China's Sexual Revolution (中國的性革命)

        Em uma pesquisa feita na China 1989, 15,5% dos participantes disseram ter feito sexo antes de se casarem. Há dois, em outro estudo , o índice havia subido para 71%.
      Esta é uma das diversas mudanças que ocorreram em ritmo acelerado e foram registradas pela sexóloga Li Yinhe em sua carreira. Não é difícil entender por que ela usa o termo "revolução".  Até 1997, sexo antes do casamento era crime de "vadiagem".

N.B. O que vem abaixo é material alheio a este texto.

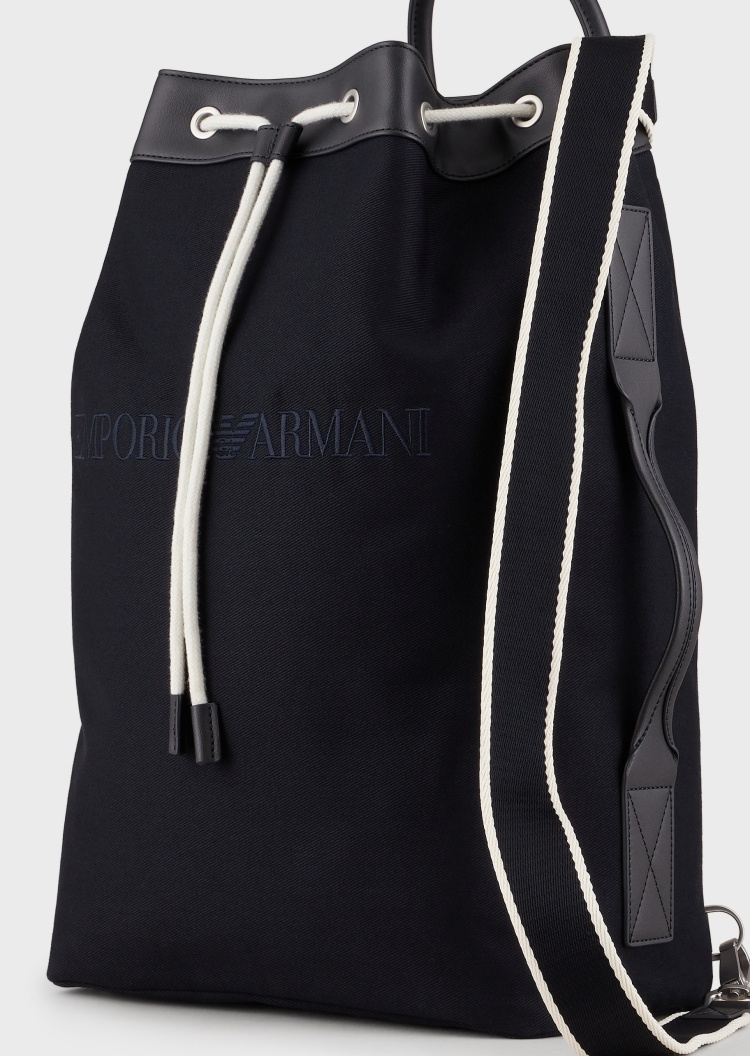 Emporio Armani 标识刺绣抽绳旅行袋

         A mesma história se repete com a pornografia, a prostituição e as festas de swing. Em 1996, o dono de uma sauna foi condenado à morte por promover prostituição, disse Li em uma palestra no ano passado. Hoje, é uma prática comum - e a punição mais severa possível é o fechamento do negócio.
      Quem se envolvesse na produção de pornografia poderia ser sentenciado à morte até meados dos anos 1980, assim como quem organizasse festas de sexo. Agora, a punição para ambos os casos é mais leve e, apesar de ainda serem práticas ilegais, tornaram-se bastante comuns.
       "Ninguém os denuncia, então eles não chamam atenção", afirma  Li Yinhe, primeira mulher especializada em sexologia da China.